Recently, a lot of control strategies have been presented for overhead crane systems. Specially, to suppress the swing of the payload, some energy-based approaches are developed for overhead crane systems [12,13,14]. In fact, the parameters of mechanical systems cannot be accurately known and the mechanical systems usually suffer from external disturbances. For the purpose of addressing the above mentioned issues, the adaptive control technology [15,16,17] and the sliding mode control technology [18, 19] are applied to the control of overhead crane systems. Moreover, some open-loop control strategies, including input shaping methods [20,21,22] and some methods based on trajectory planning [23, 24], are also developed to realize the control objectives for overhead cranes. Besides the traditional nonlinear approaches, some intelligent control algorithms are also presented to address the control problems of overhead crane systems in recent years [25,26,27,28].

It is worthwhile to point out that above-mentioned approaches model the overhead crane system as the single-pendulum model with the assumption that the payload and the hook are regarded as one mass point.
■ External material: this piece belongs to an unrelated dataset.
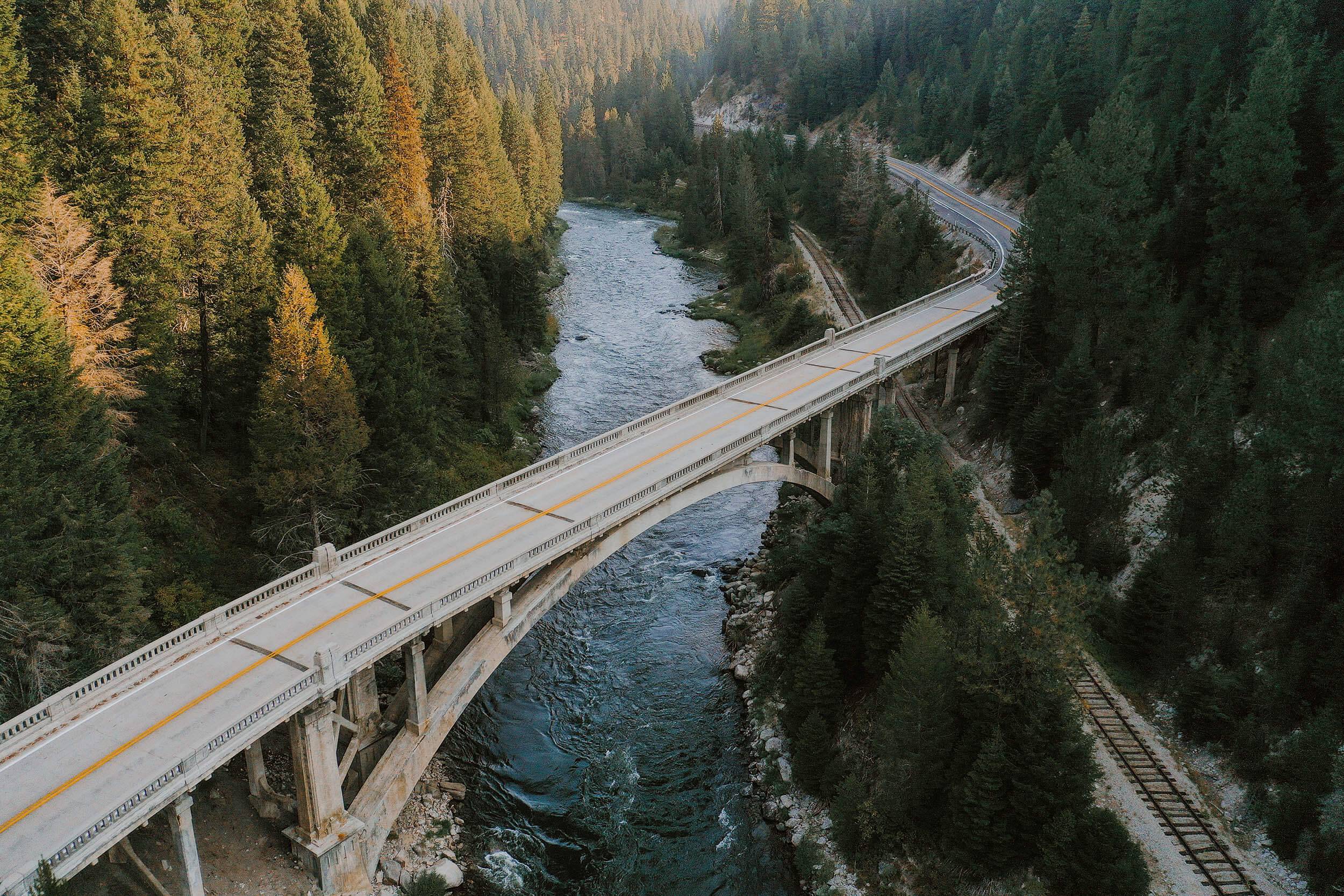 a bridge crossing over a river lined with trees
For this assumption, the hook mass and the distance between the payload and hook are ignored. However, in practical overhead crane systems, the payload is usually connected to a hook through the steel cable, which means that there is a certain distance between the hook and the payload. In addition, the hook mass connected to the trolley is usually large, which cannot be neglected. Therefore, the hook and the payload will exhibit different swings and the single-pendulum assumption does not hold when the mass of the hook is too large and the distance between the payload and hook is not negligible. Therefore, the overhead crane systems behave double-pendulum dynamics (as shown in Fig. 1), which greatly increases the complexity of the dynamic model for the overhead crane system and even makes the methods presented for single-pendulum cranes invalid. To this end, some results have been reported in [29,30,31,32,33] to address the control issue of double-pendulum overhead crane systems. Especially, for the double-pendulum overhead cranes, Ref. [31] propose a new quasi-proportional integral derivative control method. For the purpose of improving the performance index, some optimal control approaches are also applied to double-pendulum cranes in [34,35,36].
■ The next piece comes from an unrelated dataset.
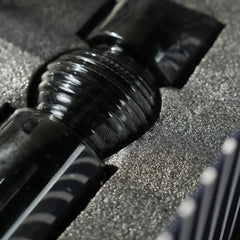 A close-up of a glossy black glass Carafe nestled in textured gray foam packaging.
For double-pendulum overhead cranes, the fact that three degrees of freedom need to be controlled by one control input makes the control problem for the overhead crane systems extremely challenging. Although some excellent and constructive works have been reported in the literature, some issues need to be solved. In particular, the interconnection and damping assignment passivity-based control (IDA-PBC) technique is used to the control of underactuated systems, where control methods are designed by solving a series of partial differential equations [14]. The passivity-based control is usually used to construct a suitable Lyapunov function for the double-pendulum overhead cranes, however, the energy damping rate only depends on the trolley [37]. To enhance the coupling behavior among the trolley movement, the hook swing, and the payload swing, a novel energy-coupling-based control method is introduced in [38], where the system dynamic model of the overhead crane needs to be linearized when making control design and stability analysis. With the motivation to address these problems, a new enhanced anti-swing control law is developed with the consideration of double-pendulum dynamics. More precisely, firstly, we implement some basic transformations on the system dynamics and the acceleration variable is regarded as the auxiliary control input to be designed. Next, both an elaborate Lyapunov function and a corresponding auxiliary control input are introduced. Subsequently, the final control strategy is developed for the double-pendulum overhead crane system. After that, the stability of the closed-loop system and the convergence of the system states are strictly analyzed using Lyapunov theory and LaSalle’s invariance theorem. At last, the developed method is tested in Matlab/Simulink to demonstrate its effectiveness and robustness.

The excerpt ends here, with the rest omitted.